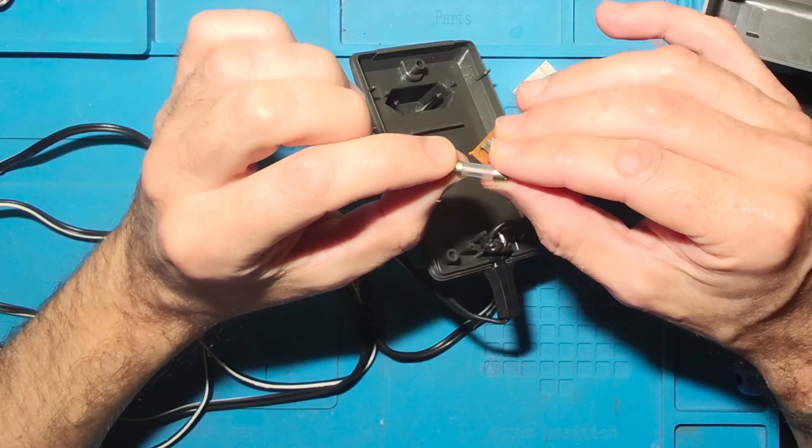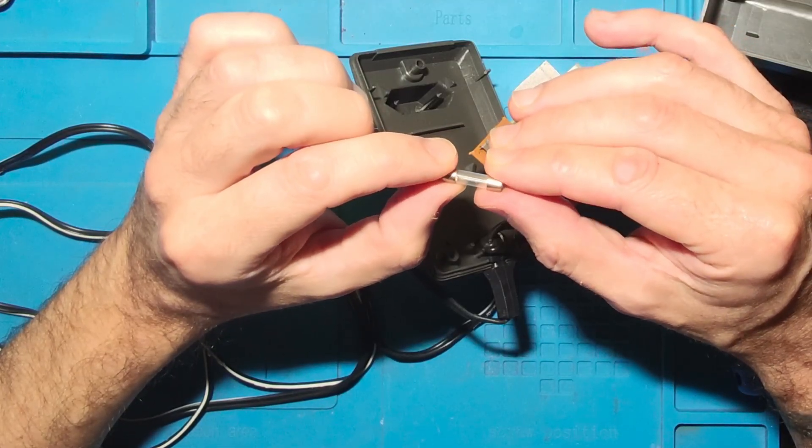Looks like I got lucky this time. The repair should be pretty easy — the fuse seems to be blown.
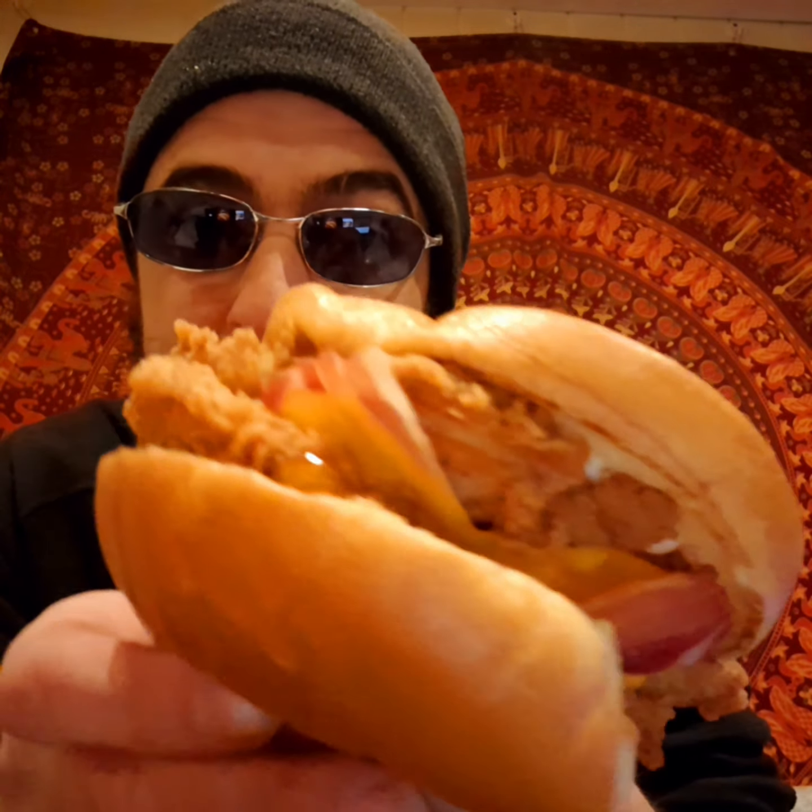As far as I know, I'm the only English-speaking person who's done a review of this yet. So hopefully that helps with the popularity of my channel, which is growing greatly.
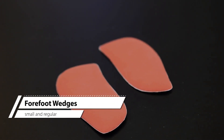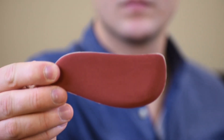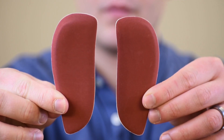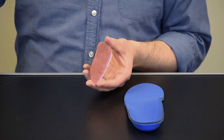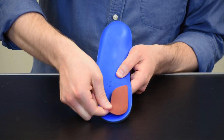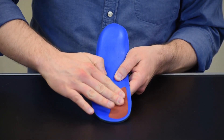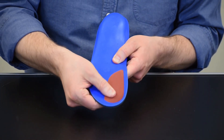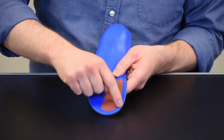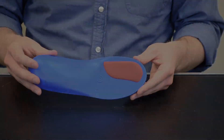Forefoot wedges are designed to account for forefoot varus or supinatus. These come in small and regular sizes and are left-right specific. To apply, select the correct size and side and remove the adhesive backing from the wedge. Attach on the bottom of the orthotic directly under the big toe. The thicker part should be on the medial side to provide medial support. The wedge should follow the edge of the orthotic with a one-quarter inch gap in between. Adjust the position as necessary for comfort.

= = = =

## WHAT TO WORK ON
All lines above are to be restated word for word, with pictures excluded.

## RESULT OF THIS EXERCISE
Looks like I got lucky this time. The repair should be pretty easy — the fuse seems to be blown.
As far as I know, I'm the only English-speaking person who's done a review of this yet. So hopefully that helps with the popularity of my channel, which is growing greatly.
Forefoot wedges are designed to account for forefoot varus or supinatus. These come in small and regular sizes and are left-right specific. To apply, select the correct size and side and remove the adhesive backing from the wedge. Attach on the bottom of the orthotic directly under the big toe. The thicker part should be on the medial side to provide medial support. The wedge should follow the edge of the orthotic with a one-quarter inch gap in between. Adjust the position as necessary for comfort.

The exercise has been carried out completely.